Human communities in Arctic Beringia and across the circumpolar north have relied for thousands of years on systems of exchange that persist today. Contemporary community economies are built upon the harvest of locally available plants, animals, and materials as well as cash from wage employment. Sharing—of wild food, labor, knowledge, and goods—is an important cultural value for the Indigenous communities of Sivuqaq (Gambell) and Sivungaq (Savoonga) on the island of Sivuqaq (St. Lawrence Island). These socially embedded systems of exchange redistribute wild foods from high-harvesting "super-households" to other households in the community.
Sivuqaq is an island roughly 60km from Russia's Chukotka peninsula. Having migrated across the land bridge, its people have inhabited the island for at least 4,000 years and share a language (Yupigestun) and cultural practices with their relatives in Chukotka. Whaling and walrus hunting are mainstays of the local food system, supplemented by hundreds of species such as tungtu (reindeer), sukilpaq (auklet), iviisa (halibut), and aqavzik (salmonberries). The land, rivers, ocean, and sea ice all provide for the people—in return, the people give thanks for what they receive and care for the local environment.

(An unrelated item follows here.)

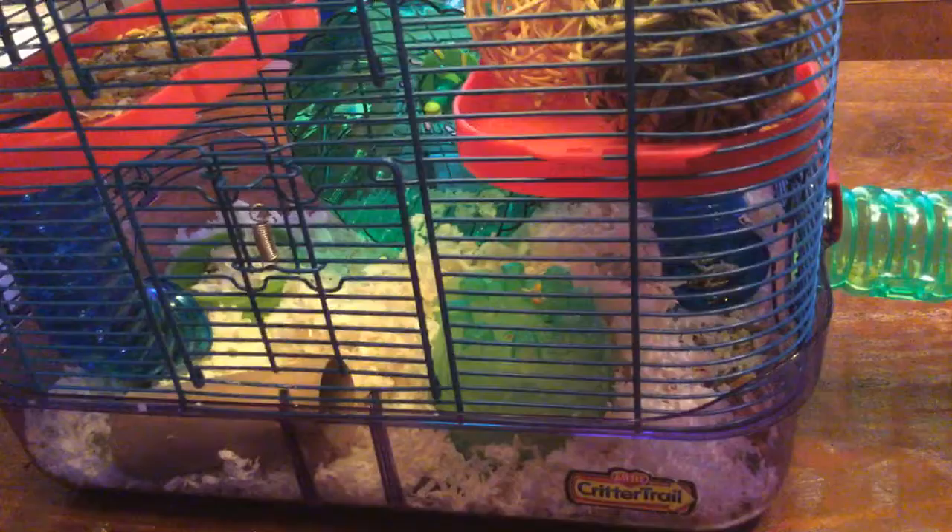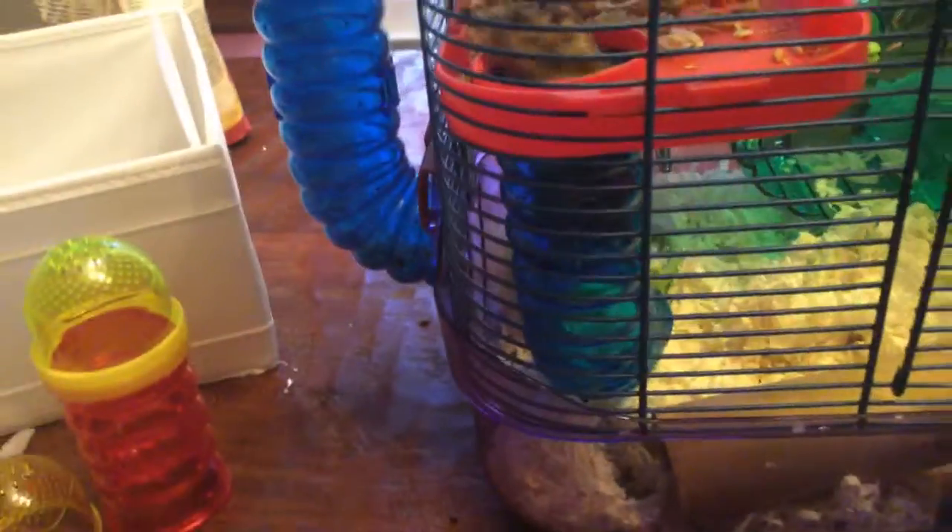Okay, thank you guys for watching this video. She's denying to say hi — all she wants is food. Well, anyway — bye guys, thank you for watching. Come back to my channel to see more videos, subscribe and hit that notification bell, and comment on what you think about my hamster room. Bye!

On Sivuqaq, wage employment is scarce and walrus ivory is relatively abundant. Many local people earn modest income from selling ivory carved into beautiful and often functional pieces of artwork. However, growing concern over the impacts of recent elephant ivory bans to this legal and sustainable handicraft trade prompted the Alaska Eskimo Whaling Commission to seek the assistance of WCS and Arizona State University in documenting the mixed cash-sharing economic networks on Sivuqaq. By showing the complexity of sharing networks, and the importance of whales and walrus to not only the food security, but also to the economic and social security of people living on Sivuqaq and beyond, we hope to minimize the impacts of policy change—including regulation of ivory trades elsewhere in the world and the harvest of marine mammals by local crews—on the fundamental elements of life in the Arctic.